### Exercise objective:
In the copy you make of the entries, no picture should appear, and every word must match.

### Records shown:
----------
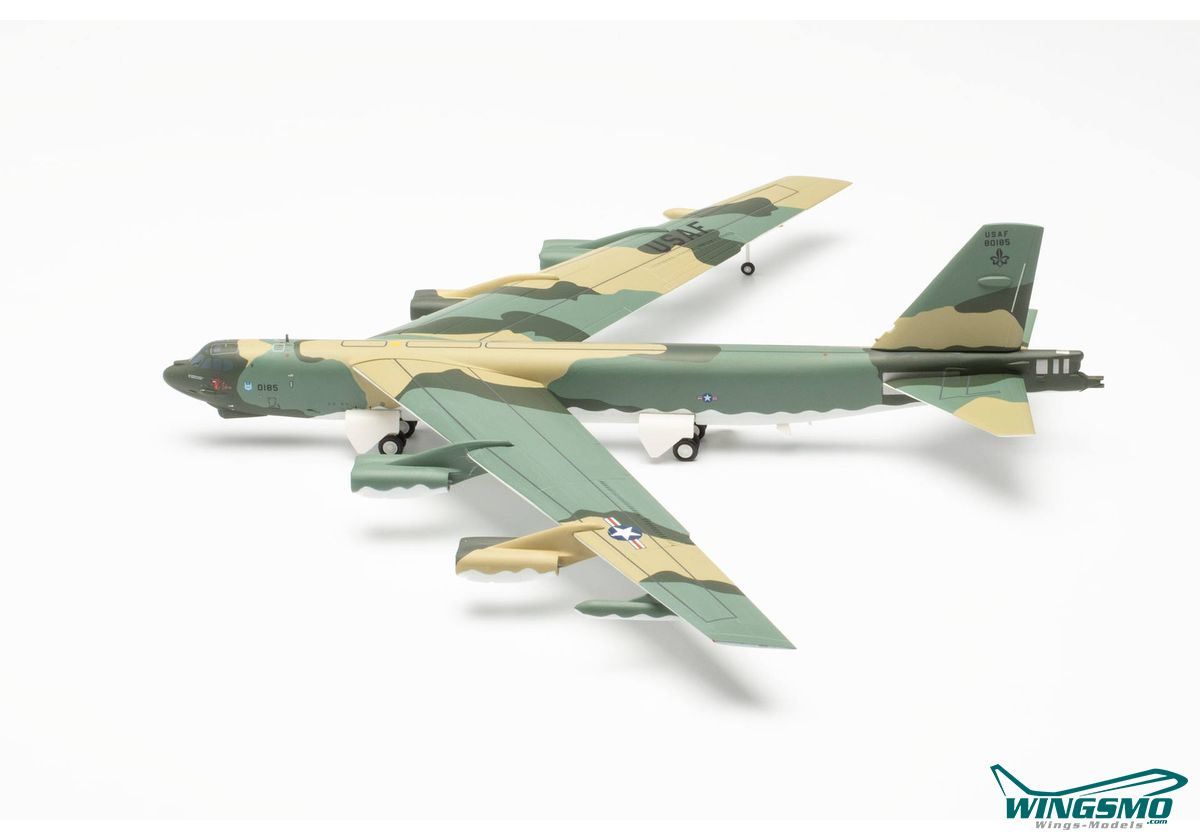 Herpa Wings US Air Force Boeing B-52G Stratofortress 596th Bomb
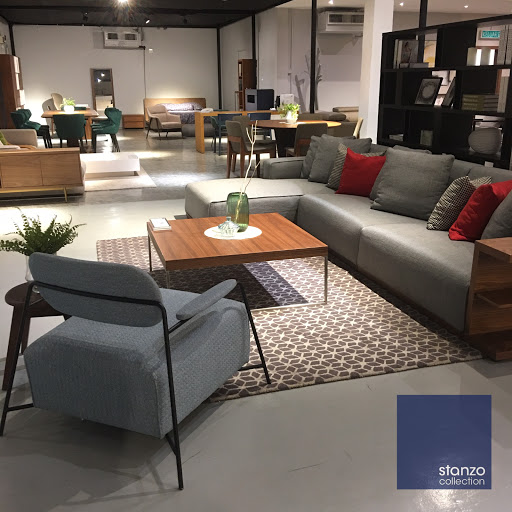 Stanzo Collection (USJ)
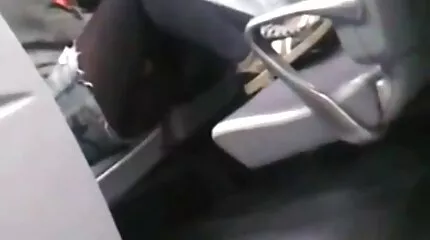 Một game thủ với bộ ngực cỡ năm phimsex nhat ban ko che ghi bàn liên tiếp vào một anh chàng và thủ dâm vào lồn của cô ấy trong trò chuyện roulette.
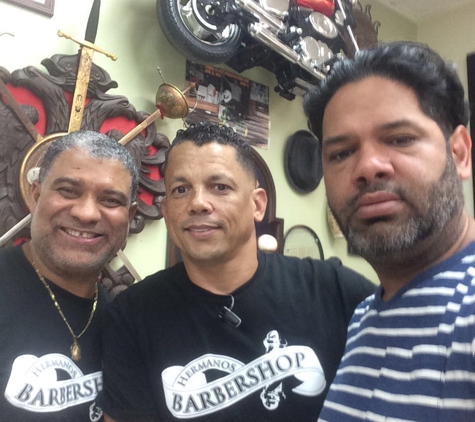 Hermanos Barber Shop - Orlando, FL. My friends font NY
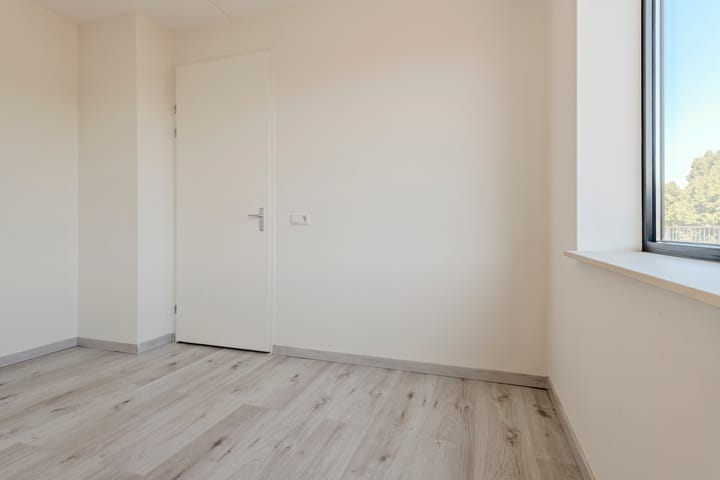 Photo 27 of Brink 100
----------
### Result:
 Herpa Wings US Air Force Boeing B-52G Stratofortress 596th Bomb
 Stanzo Collection (USJ)
 Một game thủ với bộ ngực cỡ năm phimsex nhat ban ko che ghi bàn liên tiếp vào một anh chàng và thủ dâm vào lồn của cô ấy trong trò chuyện roulette.
 Hermanos Barber Shop - Orlando, FL. My friends font NY
 Photo 27 of Brink 100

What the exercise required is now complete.